WHAT THE EXERCISE ASKS
Only the lines from the one holding "Stepdaughter Infinity Necklace" through the end of the material are to be repeated, exactly and without pictures.

MATERIAL PROVIDED

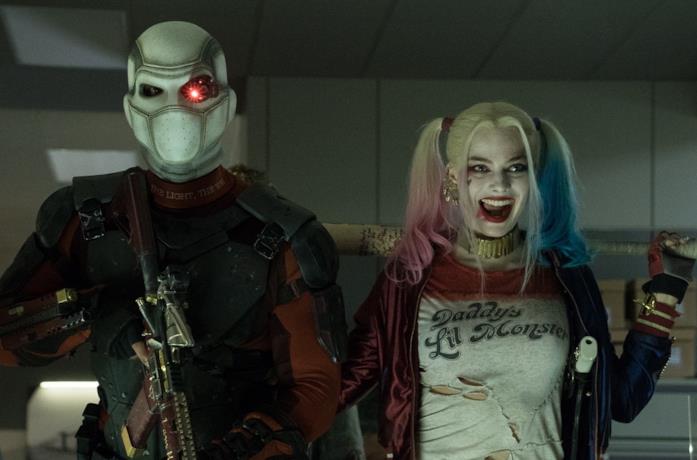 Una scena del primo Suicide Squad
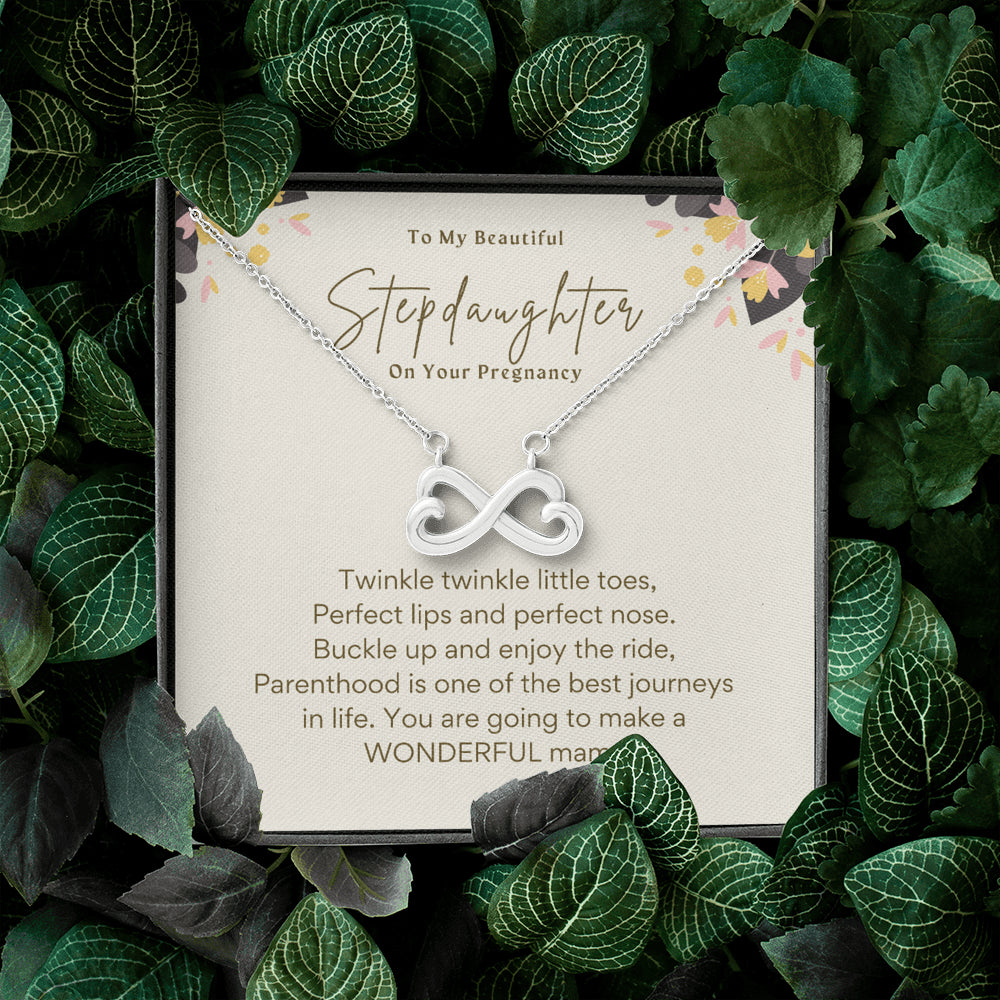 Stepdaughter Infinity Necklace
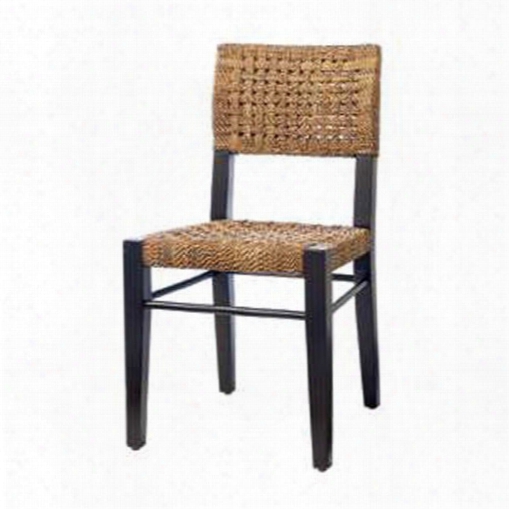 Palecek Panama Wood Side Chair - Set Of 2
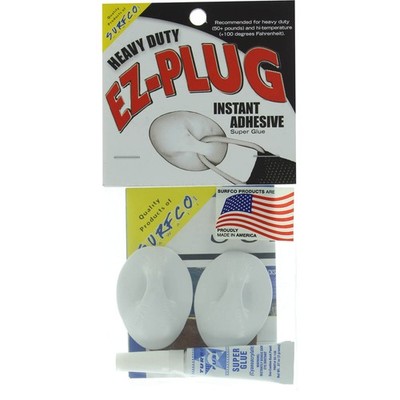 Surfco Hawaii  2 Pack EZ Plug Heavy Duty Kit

ANSWER AREA
 Stepdaughter Infinity Necklace
 Palecek Panama Wood Side Chair - Set Of 2
 Surfco Hawaii  2 Pack EZ Plug Heavy Duty Kit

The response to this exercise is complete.